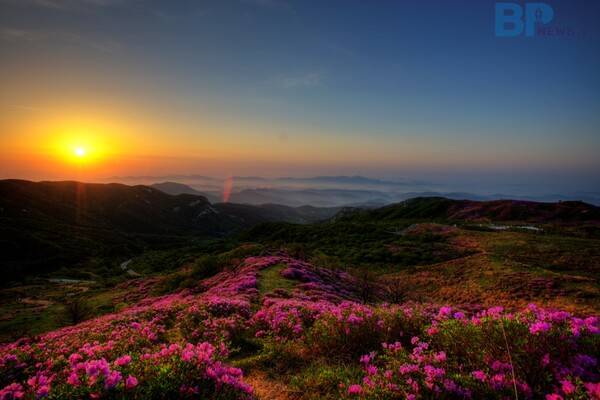 출처 = 게티이미지뱅크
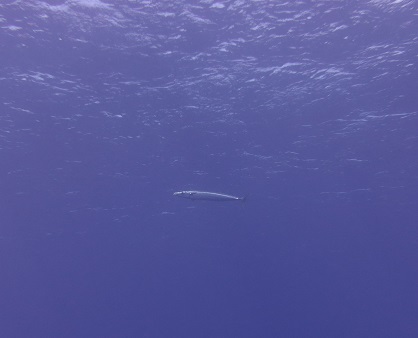 f:id:sako_no_sakura:20150917092003j:image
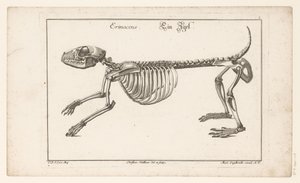 Szkielet jeża Erinaceus / Ein Egel (tytuł na obiekcie) Unterschiedliche Sceleta lub Bone-Cörper (tytuł serii) autorstwa Christian Hallbaur
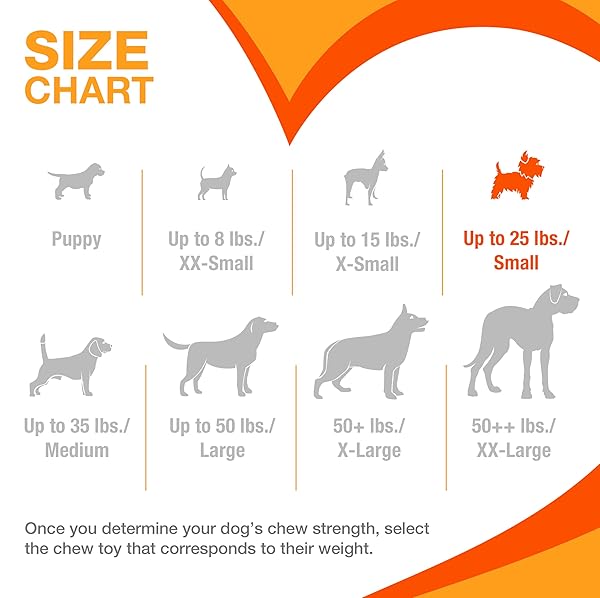 NYLABONE NEW PUPPY STARTER KIT, 2 CHEW TOYS AND 1 NATURAL TREAT FOR PUPPIES, PUPPY TEETHING TOY, BACON & CHICKEN FLAVOR, SMALL DOGS – UP TO 25 LBS., 3 PACK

◆ What is required ◆
Down to the final line, restate the material above word for word, but omit its pictures.

◆ Answer for this exercise ◆
 출처 = 게티이미지뱅크
 f:id:sako_no_sakura:20150917092003j:image
 Szkielet jeża Erinaceus / Ein Egel (tytuł na obiekcie) Unterschiedliche Sceleta lub Bone-Cörper (tytuł serii) autorstwa Christian Hallbaur
 NYLABONE NEW PUPPY STARTER KIT, 2 CHEW TOYS AND 1 NATURAL TREAT FOR PUPPIES, PUPPY TEETHING TOY, BACON & CHICKEN FLAVOR, SMALL DOGS – UP TO 25 LBS., 3 PACK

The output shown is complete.